■ What to do ■
Exact repetition of a range: find the line containing "Lovito Elegant Plain" and the line containing "Cablu Delock Easy" in the material below, then repeat both and all lines between them, leaving pictures out.

■ Stored data ■

◇ ◇ ◇ ◇ ◇

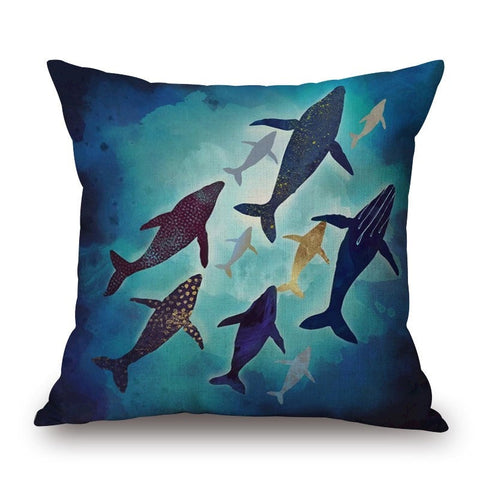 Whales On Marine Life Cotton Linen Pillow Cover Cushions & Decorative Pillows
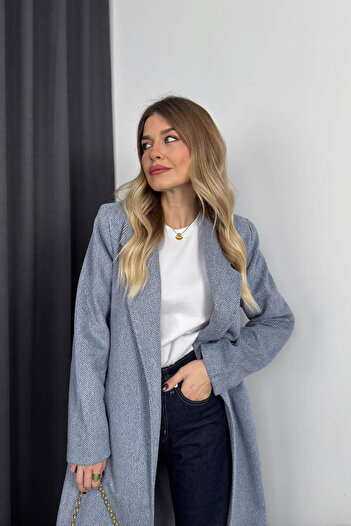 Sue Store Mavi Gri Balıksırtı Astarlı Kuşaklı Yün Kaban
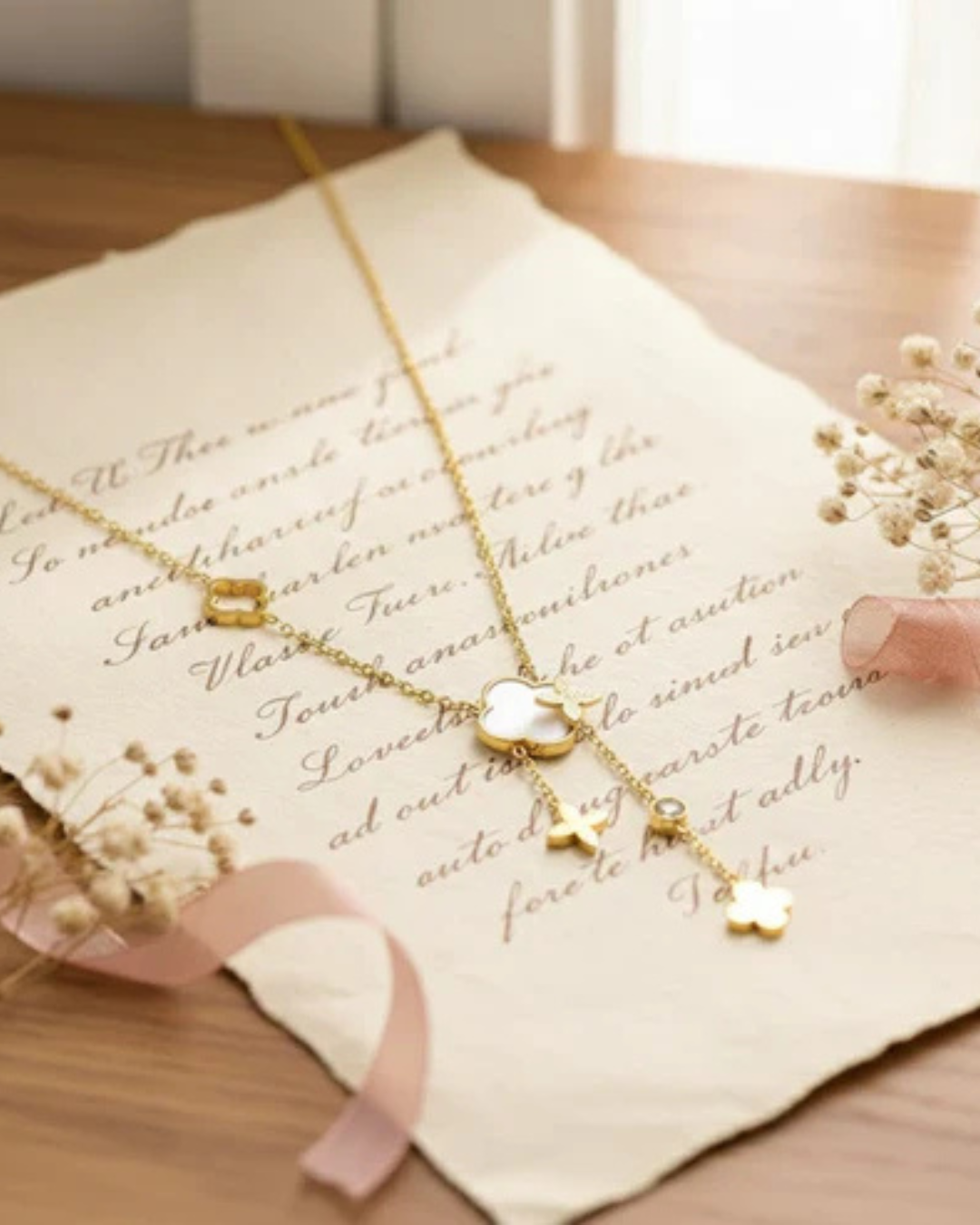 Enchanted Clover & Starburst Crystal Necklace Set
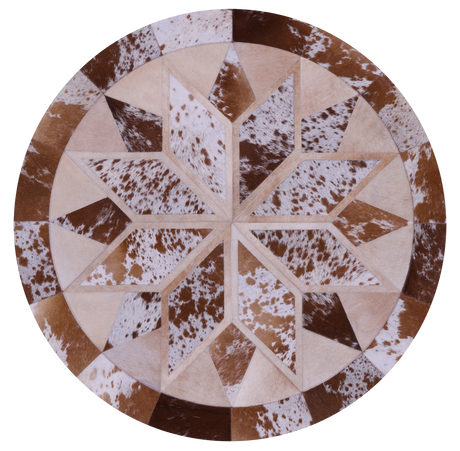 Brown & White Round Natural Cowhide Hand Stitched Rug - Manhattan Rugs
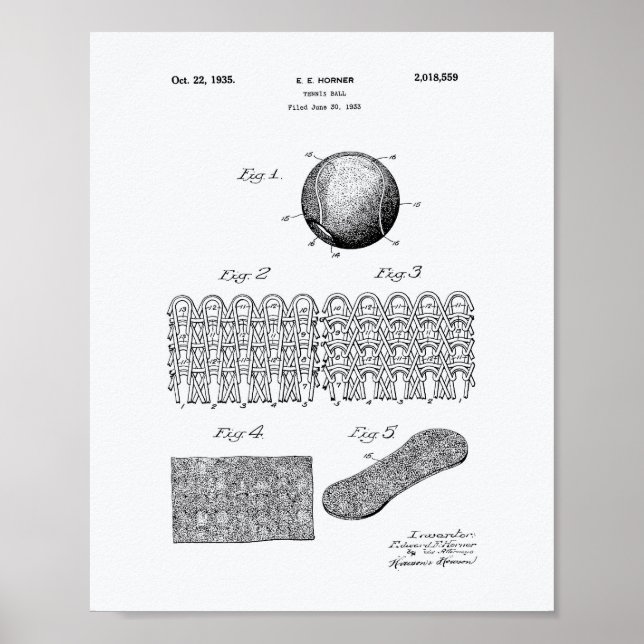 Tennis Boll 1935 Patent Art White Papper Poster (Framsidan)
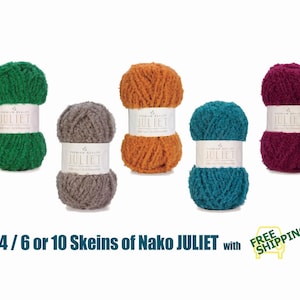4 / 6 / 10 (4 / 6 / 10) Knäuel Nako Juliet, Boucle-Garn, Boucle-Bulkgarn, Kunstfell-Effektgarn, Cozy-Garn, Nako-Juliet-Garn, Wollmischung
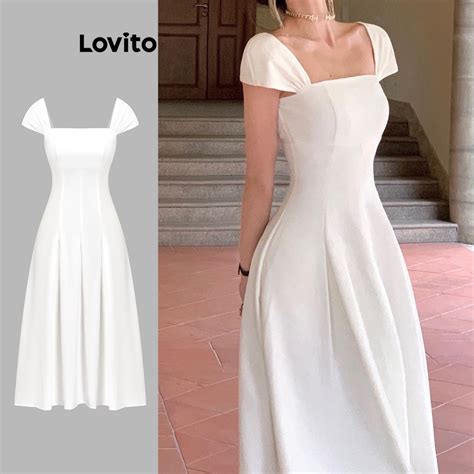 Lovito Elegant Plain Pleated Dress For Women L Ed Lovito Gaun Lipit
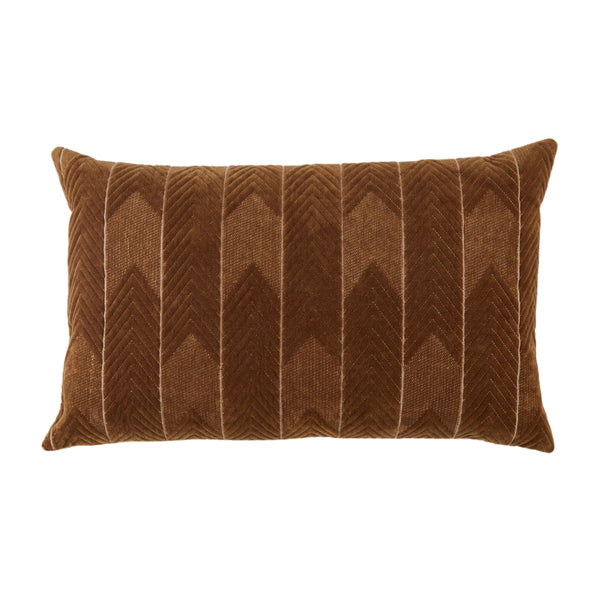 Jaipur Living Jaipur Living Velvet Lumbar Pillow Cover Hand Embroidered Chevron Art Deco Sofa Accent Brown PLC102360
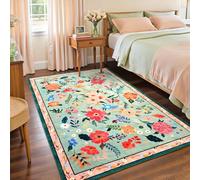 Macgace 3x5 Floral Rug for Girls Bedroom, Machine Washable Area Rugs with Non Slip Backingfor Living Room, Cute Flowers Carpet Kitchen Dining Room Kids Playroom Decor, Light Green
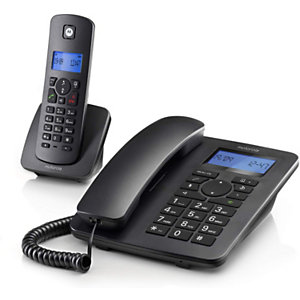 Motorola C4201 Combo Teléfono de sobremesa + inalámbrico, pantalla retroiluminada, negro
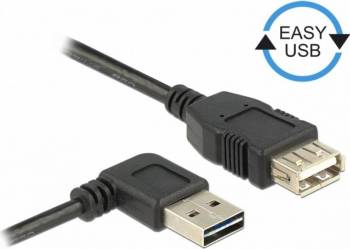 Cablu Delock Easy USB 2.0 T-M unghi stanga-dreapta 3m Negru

◇ ◇ ◇ ◇ ◇

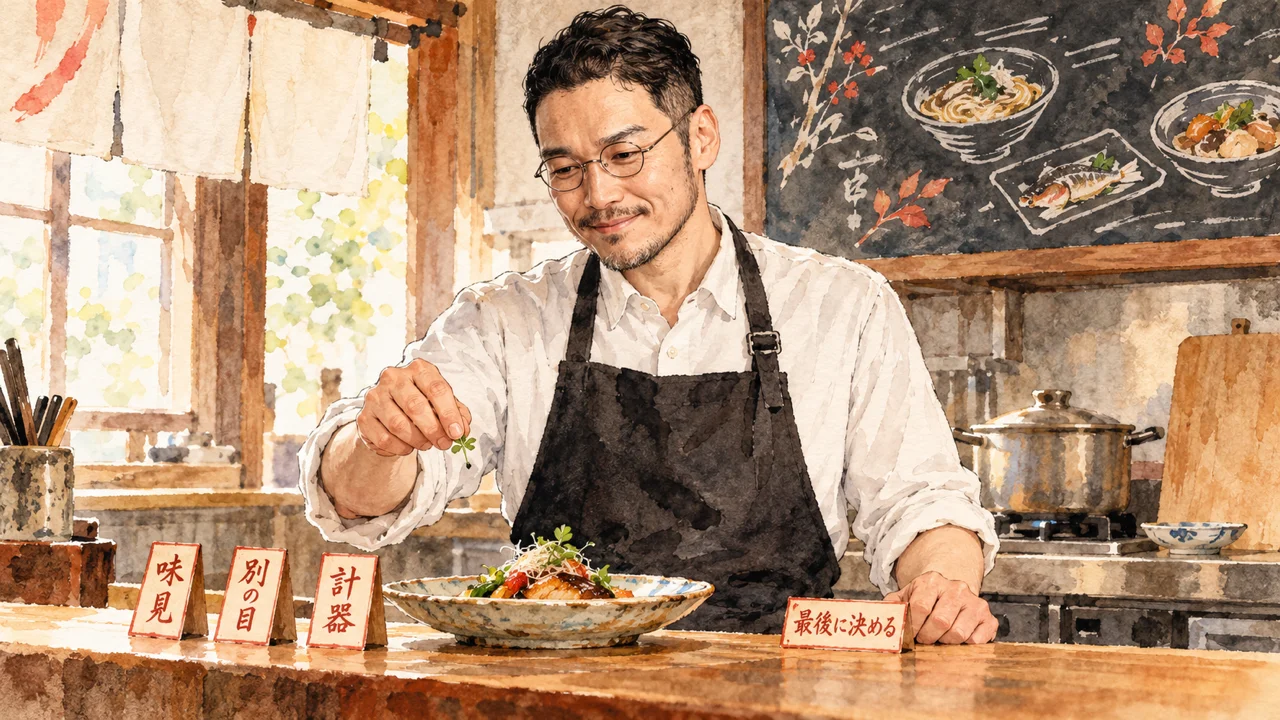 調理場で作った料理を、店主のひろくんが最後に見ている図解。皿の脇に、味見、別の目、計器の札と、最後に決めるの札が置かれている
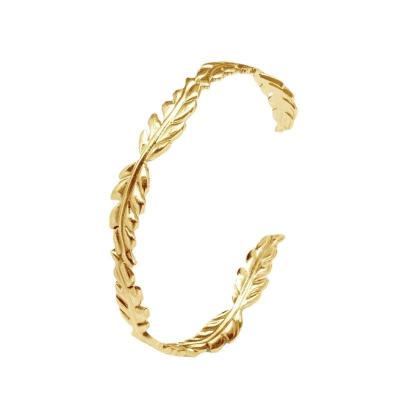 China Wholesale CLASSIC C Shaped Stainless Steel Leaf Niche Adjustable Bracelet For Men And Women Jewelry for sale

◇ ◇ ◇ ◇ ◇

■ Response to the exercise ■
 Lovito Elegant Plain Pleated Dress For Women L Ed Lovito Gaun Lipit
 Jaipur Living Jaipur Living Velvet Lumbar Pillow Cover Hand Embroidered Chevron Art Deco Sofa Accent Brown PLC102360
 Macgace 3x5 Floral Rug for Girls Bedroom, Machine Washable Area Rugs with Non Slip Backingfor Living Room, Cute Flowers Carpet Kitchen Dining Room Kids Playroom Decor, Light Green
 Motorola C4201 Combo Teléfono de sobremesa + inalámbrico, pantalla retroiluminada, negro
 Cablu Delock Easy USB 2.0 T-M unghi stanga-dreapta 3m Negru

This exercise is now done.